WORK REQUEST: In the listing below, find the line with "In this iMindmap" and copy every line from there up to and including the line with "After you log", exactly and without pictures.

INPUT DATA:
..........

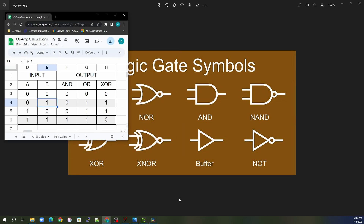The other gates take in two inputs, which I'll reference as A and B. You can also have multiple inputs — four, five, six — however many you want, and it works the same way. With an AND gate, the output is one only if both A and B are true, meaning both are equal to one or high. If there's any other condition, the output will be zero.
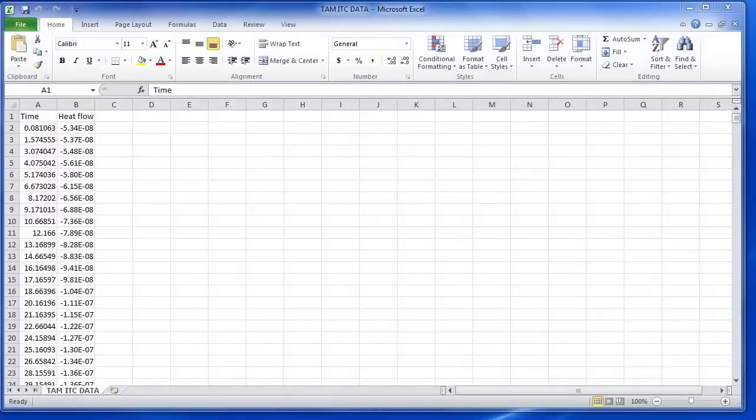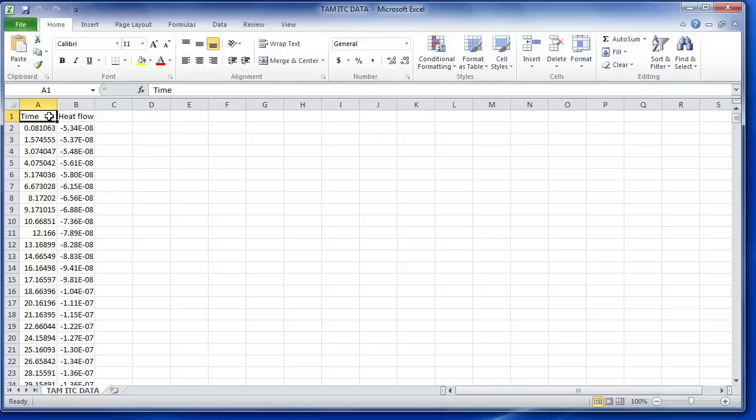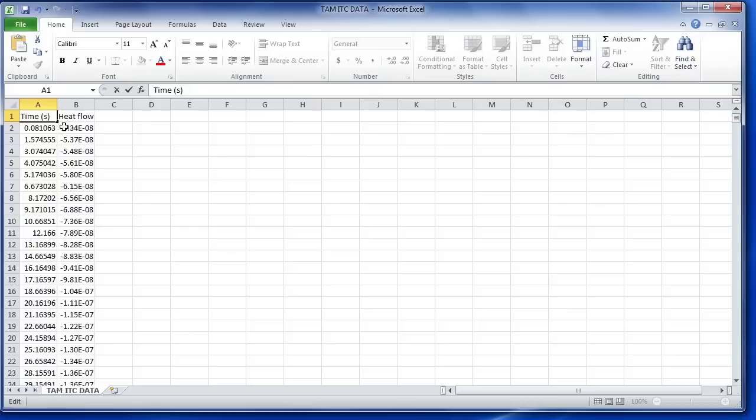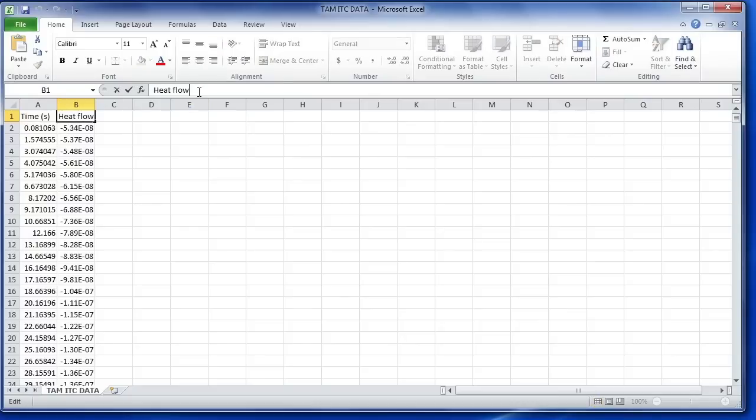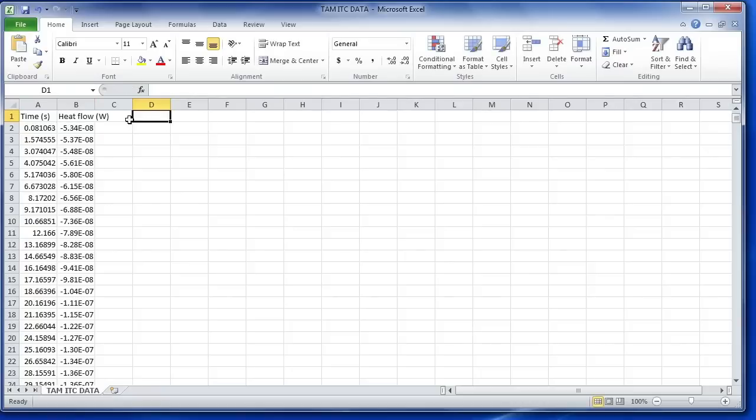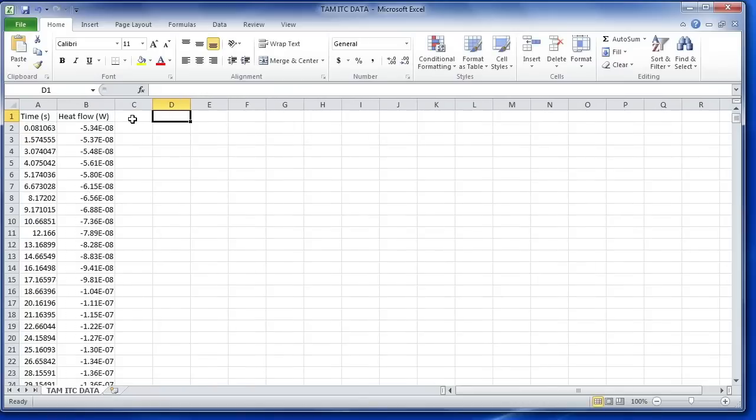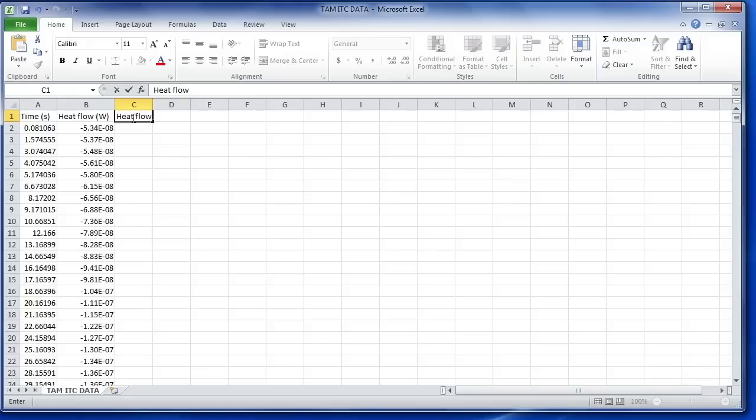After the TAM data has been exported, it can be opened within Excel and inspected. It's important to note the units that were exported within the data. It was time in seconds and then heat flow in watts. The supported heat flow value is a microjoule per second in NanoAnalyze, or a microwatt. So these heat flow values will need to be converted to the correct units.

..........

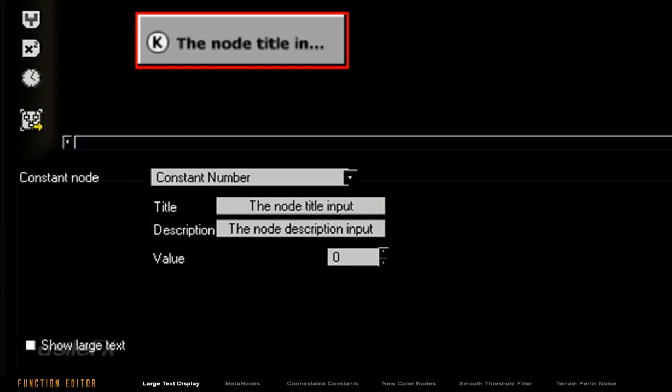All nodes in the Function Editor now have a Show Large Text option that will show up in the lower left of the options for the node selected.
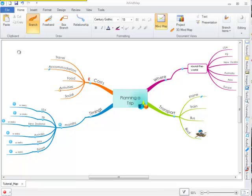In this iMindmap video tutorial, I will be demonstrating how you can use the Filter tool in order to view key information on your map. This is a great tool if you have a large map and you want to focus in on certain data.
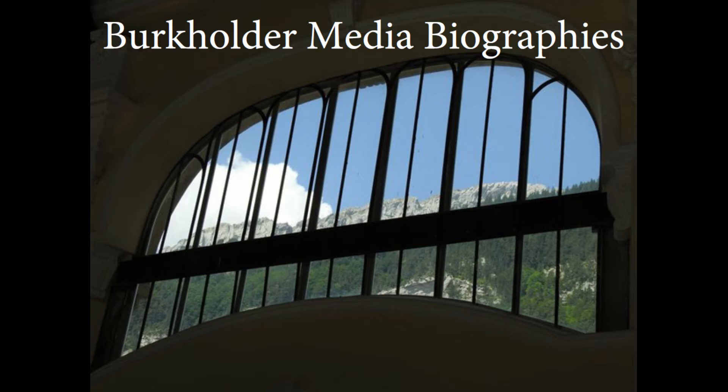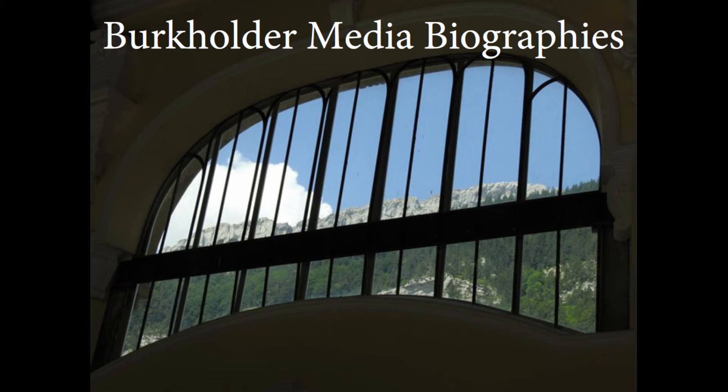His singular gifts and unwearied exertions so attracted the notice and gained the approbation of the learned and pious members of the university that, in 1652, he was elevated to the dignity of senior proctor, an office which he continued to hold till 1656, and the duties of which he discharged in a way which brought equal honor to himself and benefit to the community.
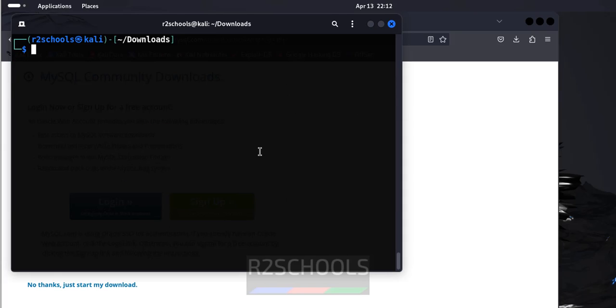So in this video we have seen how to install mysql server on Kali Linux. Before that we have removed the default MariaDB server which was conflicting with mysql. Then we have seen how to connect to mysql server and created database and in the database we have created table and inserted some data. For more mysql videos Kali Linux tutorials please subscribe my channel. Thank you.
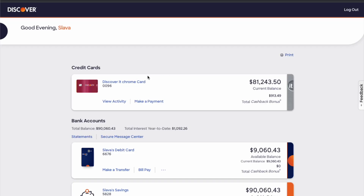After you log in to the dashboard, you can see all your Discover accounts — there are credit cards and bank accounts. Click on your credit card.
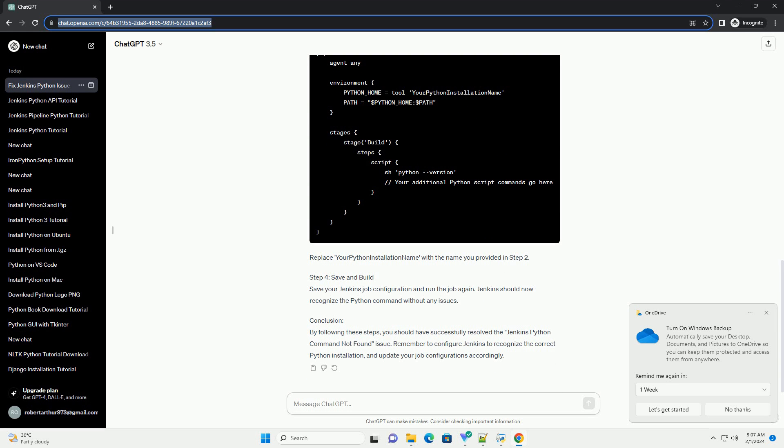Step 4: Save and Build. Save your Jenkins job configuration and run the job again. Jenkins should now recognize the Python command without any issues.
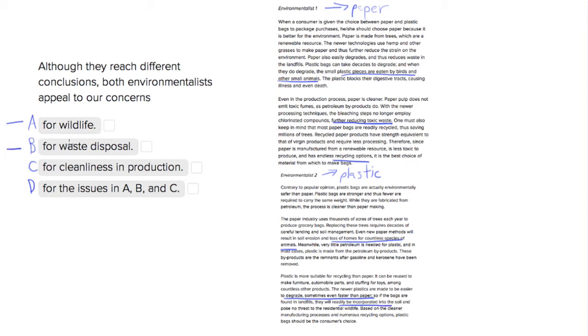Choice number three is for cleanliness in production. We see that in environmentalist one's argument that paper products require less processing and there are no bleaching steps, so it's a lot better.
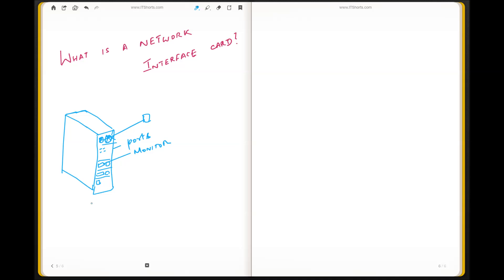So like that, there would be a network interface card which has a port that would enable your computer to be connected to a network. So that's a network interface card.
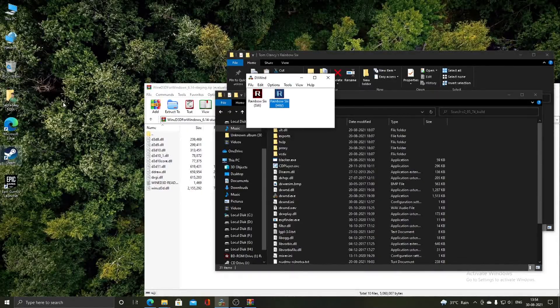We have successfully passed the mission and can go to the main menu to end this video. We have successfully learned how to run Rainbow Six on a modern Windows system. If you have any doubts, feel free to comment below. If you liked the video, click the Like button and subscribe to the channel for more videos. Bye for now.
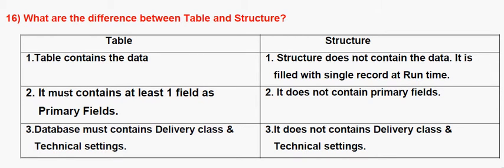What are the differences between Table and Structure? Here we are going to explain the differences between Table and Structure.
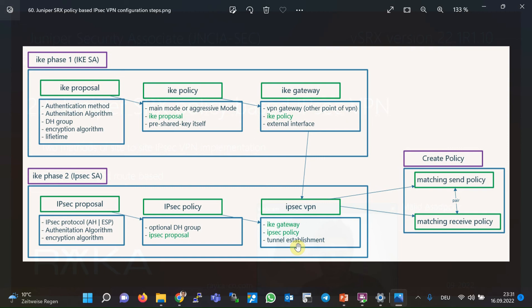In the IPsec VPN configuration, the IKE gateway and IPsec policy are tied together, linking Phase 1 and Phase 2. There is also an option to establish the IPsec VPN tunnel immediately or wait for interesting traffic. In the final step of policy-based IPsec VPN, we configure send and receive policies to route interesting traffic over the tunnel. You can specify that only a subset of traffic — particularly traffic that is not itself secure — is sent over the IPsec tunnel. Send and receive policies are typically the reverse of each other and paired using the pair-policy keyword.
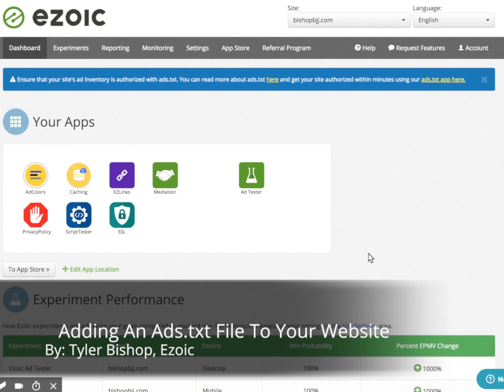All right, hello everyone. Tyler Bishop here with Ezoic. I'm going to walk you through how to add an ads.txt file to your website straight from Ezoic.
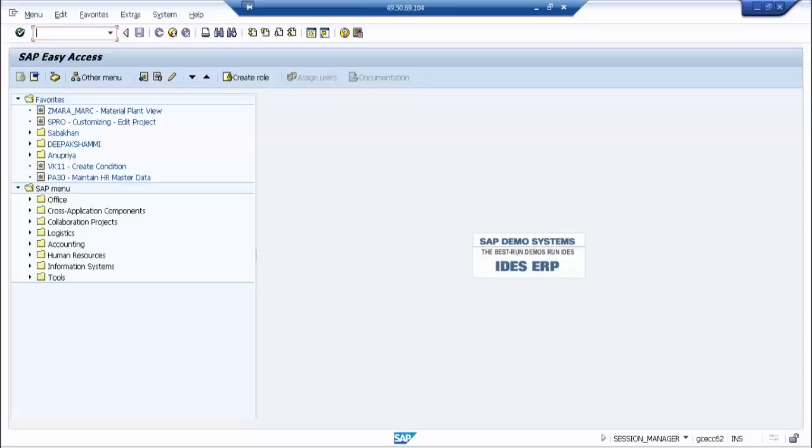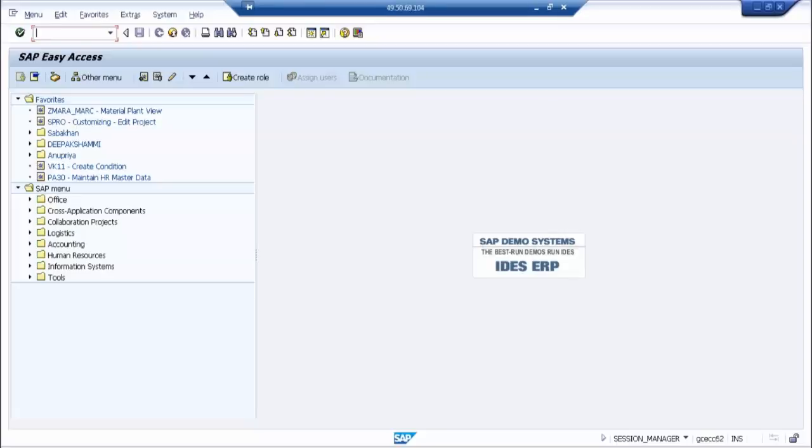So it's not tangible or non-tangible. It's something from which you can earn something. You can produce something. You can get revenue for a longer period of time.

..........

TASK ANSWER:
In this iMindmap video tutorial, I will be demonstrating how you can use the Filter tool in order to view key information on your map. This is a great tool if you have a large map and you want to focus in on certain data.
His singular gifts and unwearied exertions so attracted the notice and gained the approbation of the learned and pious members of the university that, in 1652, he was elevated to the dignity of senior proctor, an office which he continued to hold till 1656, and the duties of which he discharged in a way which brought equal honor to himself and benefit to the community.
So in this video we have seen how to install mysql server on Kali Linux. Before that we have removed the default MariaDB server which was conflicting with mysql. Then we have seen how to connect to mysql server and created database and in the database we have created table and inserted some data. For more mysql videos Kali Linux tutorials please subscribe my channel. Thank you.
After you log in to the dashboard, you can see all your Discover accounts — there are credit cards and bank accounts. Click on your credit card.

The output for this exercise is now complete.